PROBLEM DETAILS:
Return the lines that run from the line containing "Parte del gruppo" through the end of the entries, both ends included. Leave out all pictures.

Segment Open

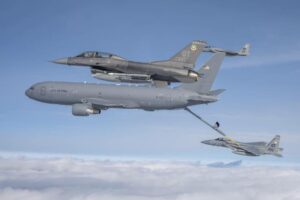 Después de un camino largo y costoso, la Fuerza Aérea está contenta con el nuevo sistema de visión KC-46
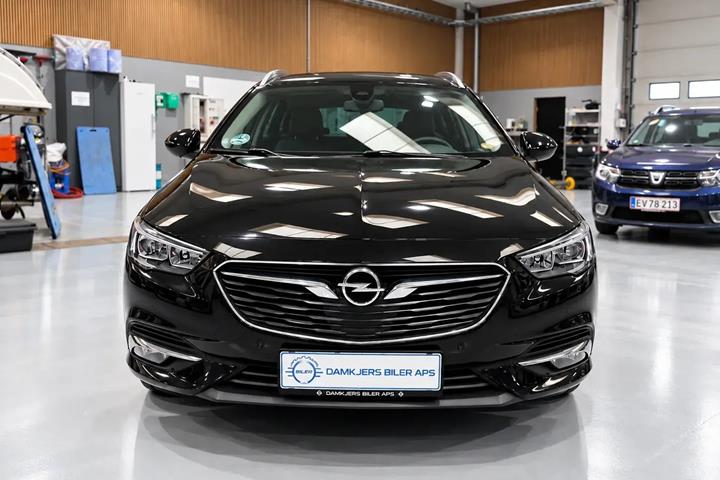 Sort Opel Insignia fra 2018
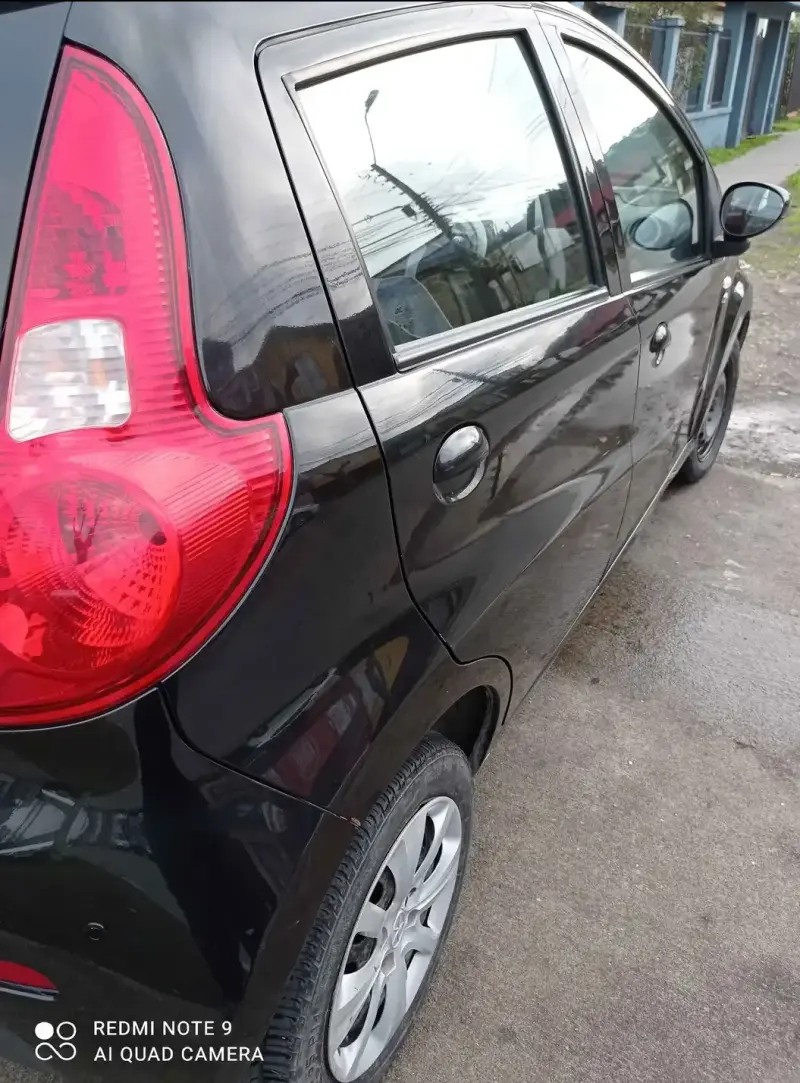 Auto compacto negro en buen estado - 5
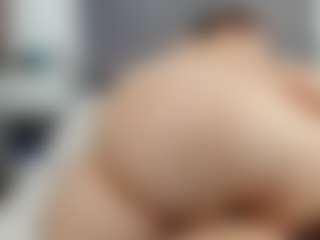 Laurel's Live Sex Cam Show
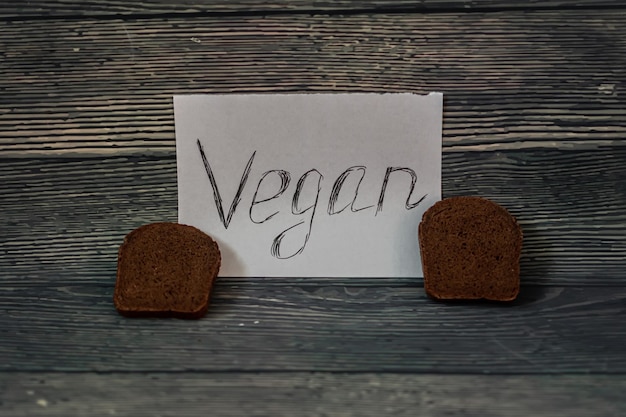 Foto een stuk papier waarop vegan staat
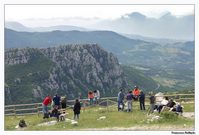 Parte del gruppo attende la partenza (sullo sfondo la Civita di Pietraroja)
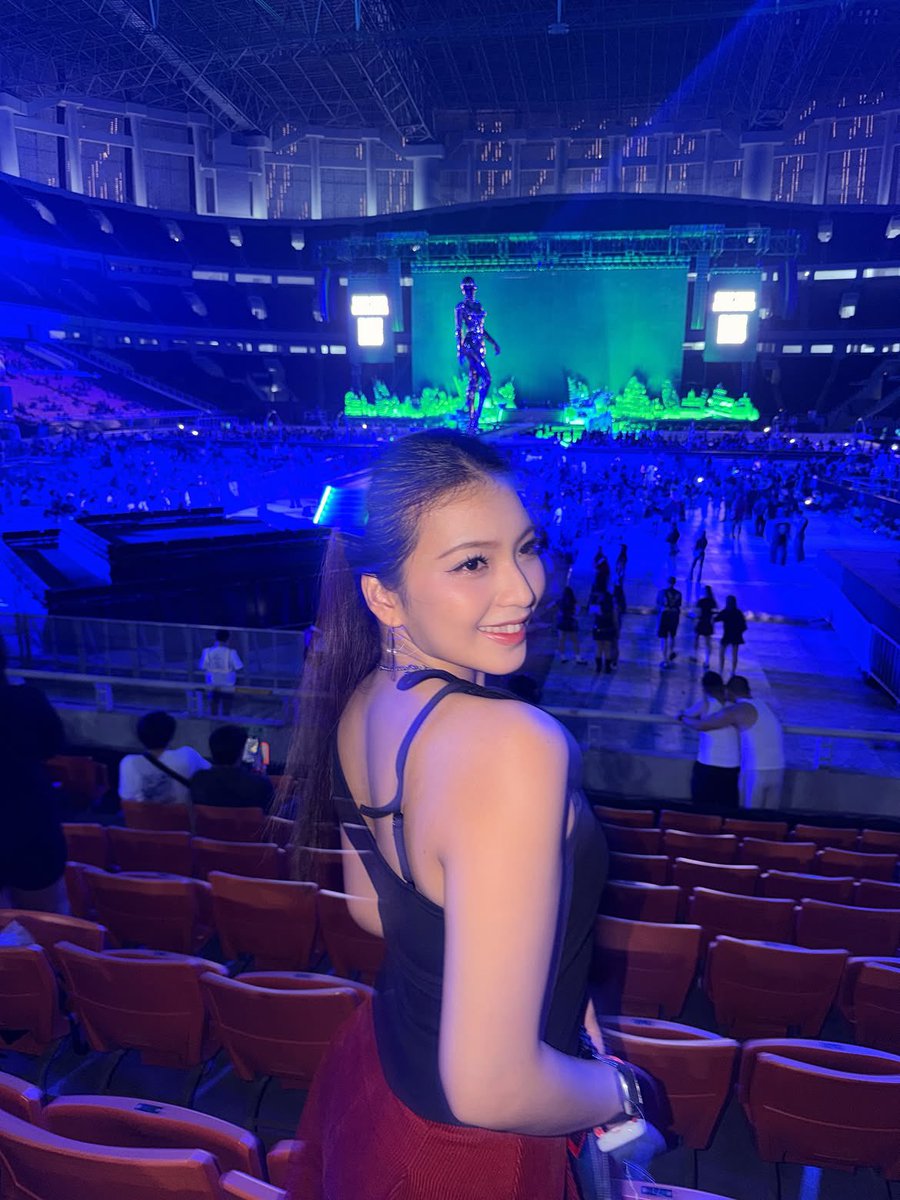 GraciasFans_INA's tweet photo. weeknd https://t.co/SMQU7FNaV4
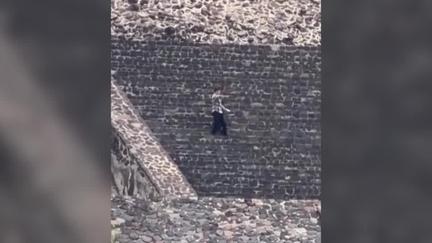 Gunman kills tourist at Mexico pyramids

Segment Closed

FINISHED TASK:
 Parte del gruppo attende la partenza (sullo sfondo la Civita di Pietraroja)
 GraciasFans_INA's tweet photo. weeknd https://t.co/SMQU7FNaV4
 Gunman kills tourist at Mexico pyramids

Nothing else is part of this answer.